*** Available data Section Begins ***

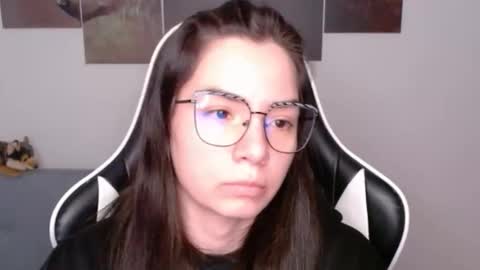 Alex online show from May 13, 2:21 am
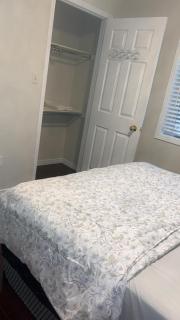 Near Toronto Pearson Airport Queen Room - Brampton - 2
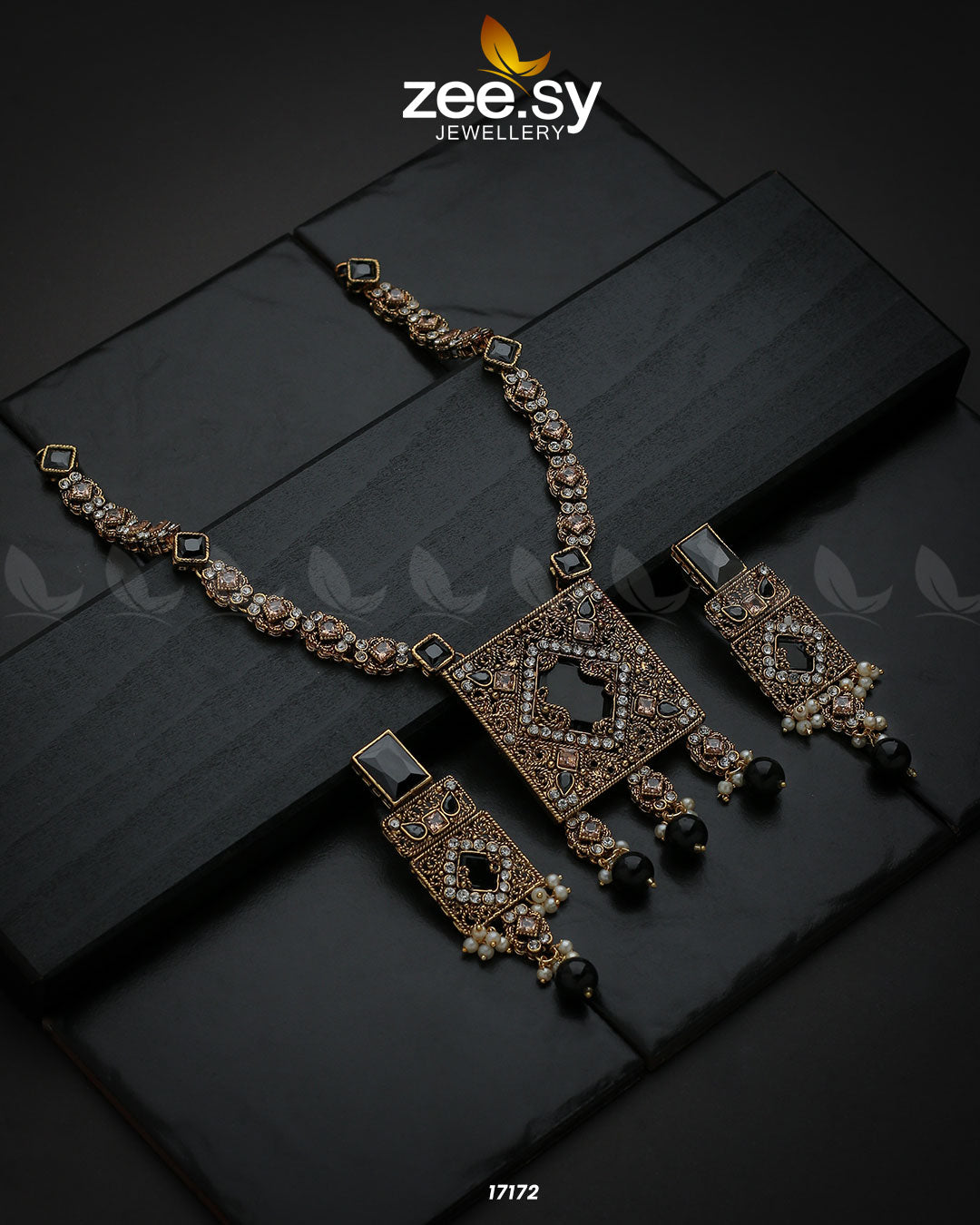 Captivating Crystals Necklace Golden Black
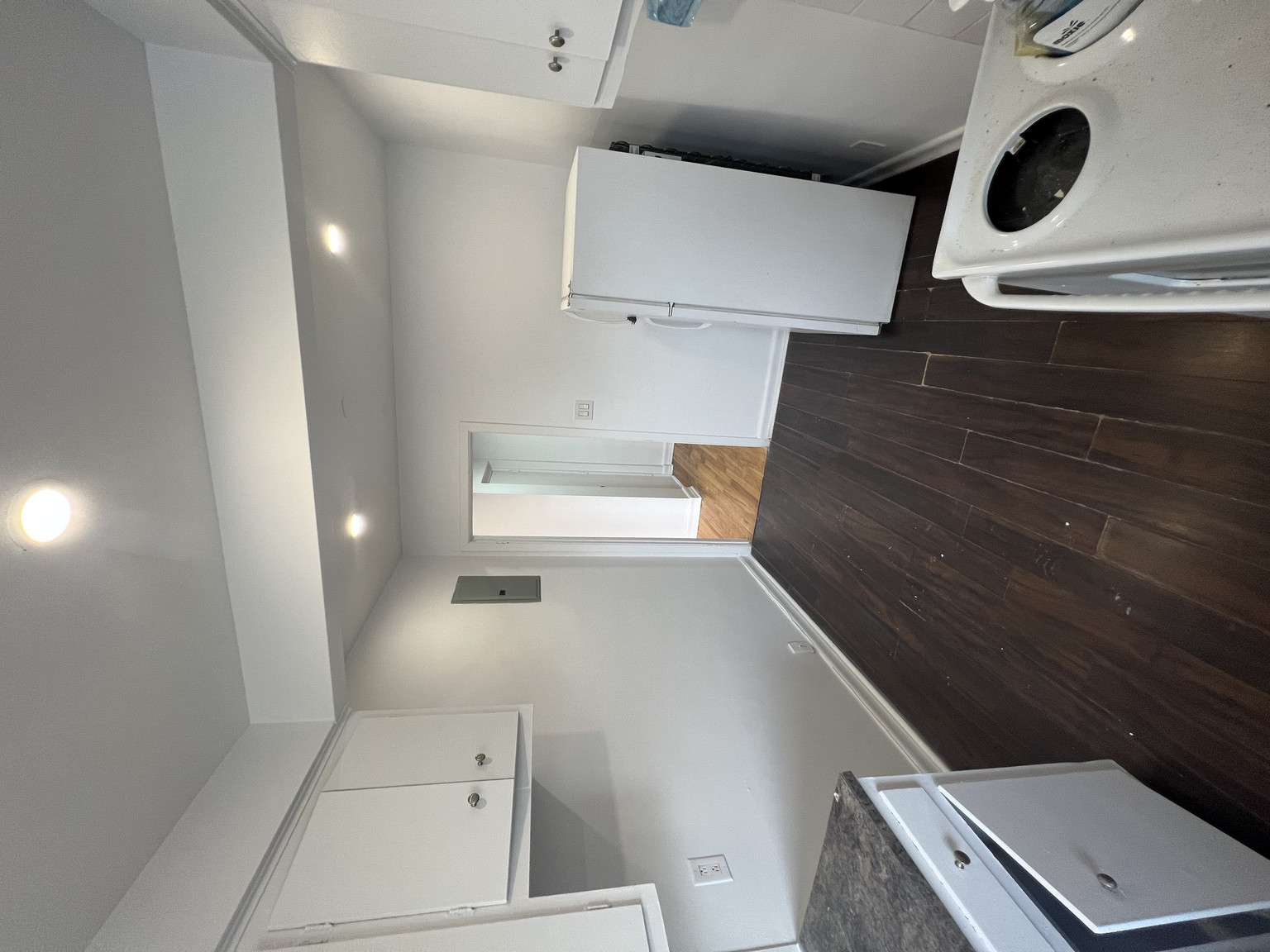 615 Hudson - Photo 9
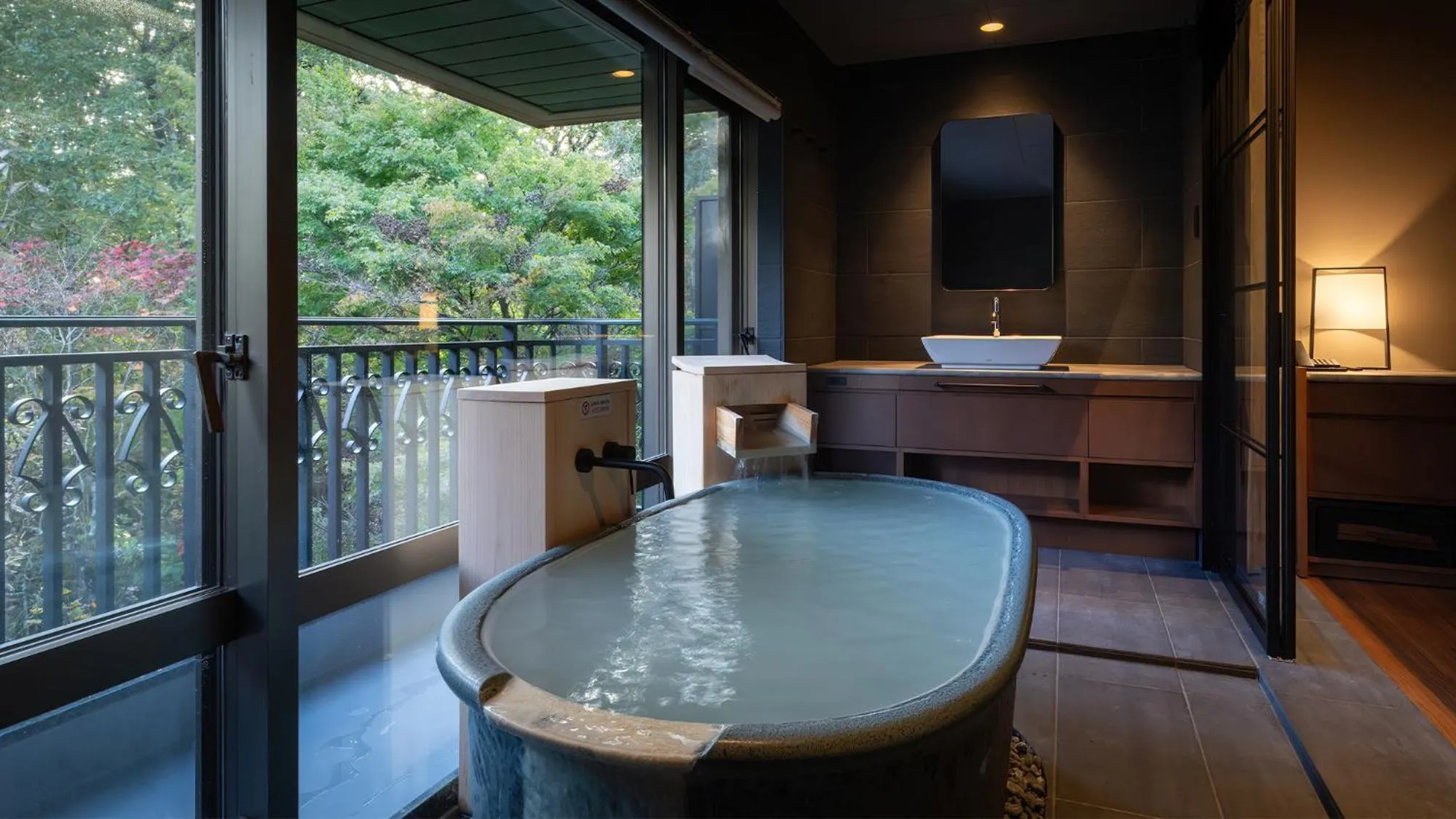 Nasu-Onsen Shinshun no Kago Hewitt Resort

*** Available data Section Ends ***

** Task **
Give an exact copy of the entries, excluding all pictures.

** Answer box **
 Alex online show from May 13, 2:21 am
 Near Toronto Pearson Airport Queen Room - Brampton - 2
 Captivating Crystals Necklace Golden Black
 615 Hudson - Photo 9
 Nasu-Onsen Shinshun no Kago Hewitt Resort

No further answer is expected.